This expression is only valid when the conductivity of charged grains is negligible compared to the electron conductivity (Wardle 2007). The diffusion coefficient η may be less accurate deep within the disk toward the mid plane. However, we are mainly interested in the dynamics of the upper regions of the disk, and thus we used this approximate formulation.

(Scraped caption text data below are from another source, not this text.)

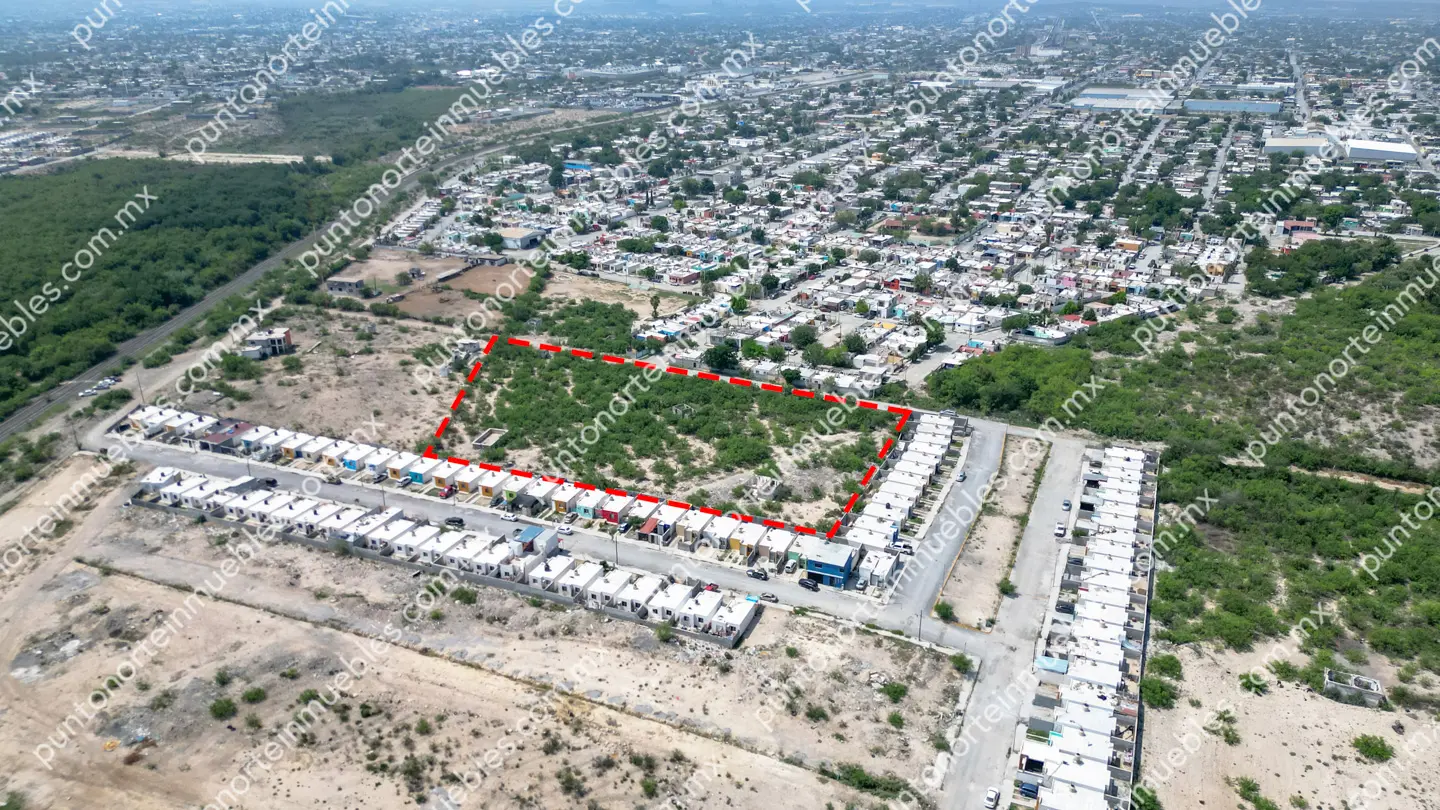 Terreno 11,785 Col Fracc Rieles Frontera 06 Venta Terreno urbano de 11,785m2 en Fracc Los Rieles, zona de desarrollo de vivienda en Frontera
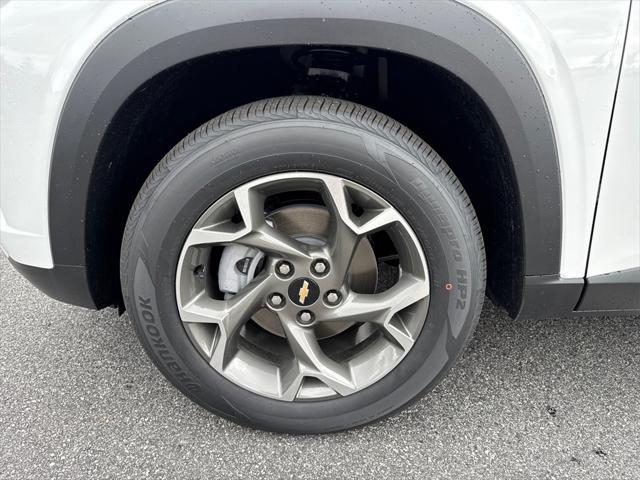 new 2025 Chevrolet Trax car, priced at $24,310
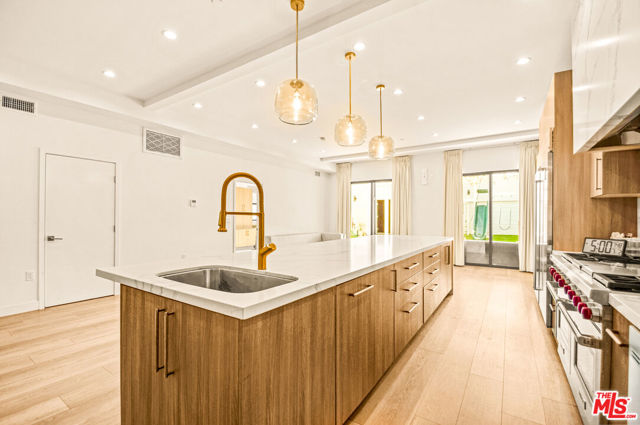 535 N Formosa Avenue, Los Angeles CA: https://media.crmls.org/mediaz/2ba4ead6-9d0b-430d-978c-da4616df7dd0.jpg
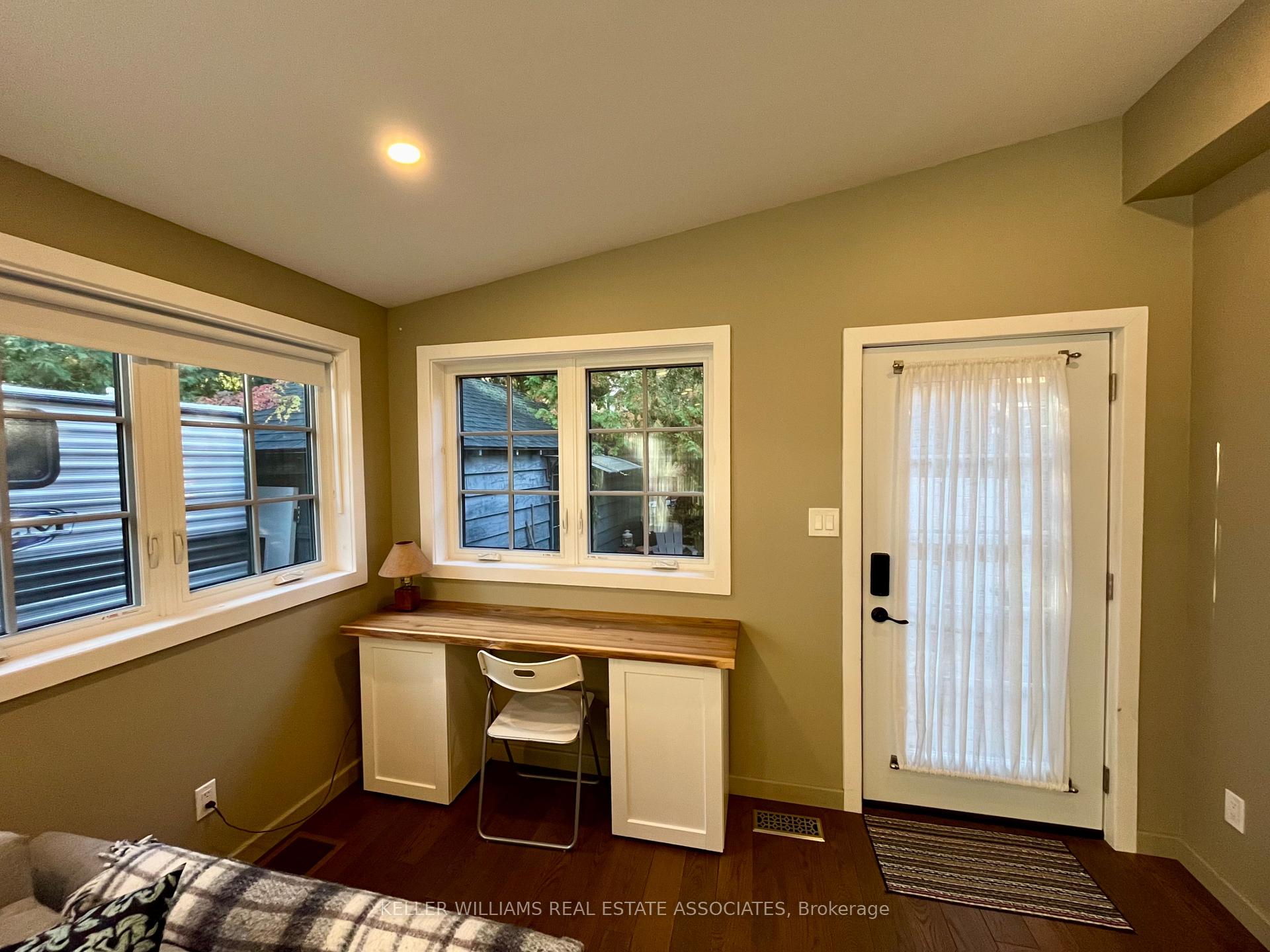 Photo 10 of 66 Oak Knoll Drive, Hamilton, Westdale — HOMEH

In dimensionless code units the value of the ohmic diffusion coefficient at the inner boundary in the mid-plane initially reaches η ≈ 8 × 10⁻³.

3.5 Boundary conditions

In the inner radial boundary all primitive variables at the boundary were copied into the ghost cells, except for the radial velocity component v_R, for which the condition $v_{\text{R}}^{\text{ghost}}=\text{min}\left(v_{\text{R}}^{\text{IBEG}},0\right)$ was applied, where $v_{\text{R}}^{\text{ghost}}$ are the radial velocities in the ghost domain and $v_{\text{R}}^{\text{IBEG}}$ the radial velocities on the active hydro mesh at the inner radial boundary. We thus avoided artificial inflow of gas from the inner radial boundary, which could lead to spurious effects in the domain. Similar to the inner boundary, the outer radial boundary follows the outflow prescription defined above, thus avoiding infall of gas from the outer boundary region. In order to avoid artificial collimation at the radially outer boundary, the value of B_ϕ was linearly extrapolated ∝ 1∕R into the ghost cells. Both boundaries in θ direction were set to axisymmetric boundary conditions, that is, normal and azimuthal velocity and magnetic components flip sign.

3.6 Simulation parameters and normalization

Internal code units in PLUTO were scaled by the following normalization factors: $$\begin{array}{l}{v}_0=r_0{\Omega }_K(r_0)\hfill \\ {\rho }_0=M_{\odot }/r_0^3\hfill \end{array}$$ $$\begin{array}{l}{P}_0={\rho }_0{v}_0^2\hfill \\ B_0=\sqrt{4\pi {\rho }_0{v}_0^2}\hfill \end{array}$$

with r₀ = 1 au being the unit length. For all simulations including X-ray heating, we applied a fiducial value of L_X = 2 ⋅ 10³⁰ erg s⁻¹ for the X-ray luminosity from the central star.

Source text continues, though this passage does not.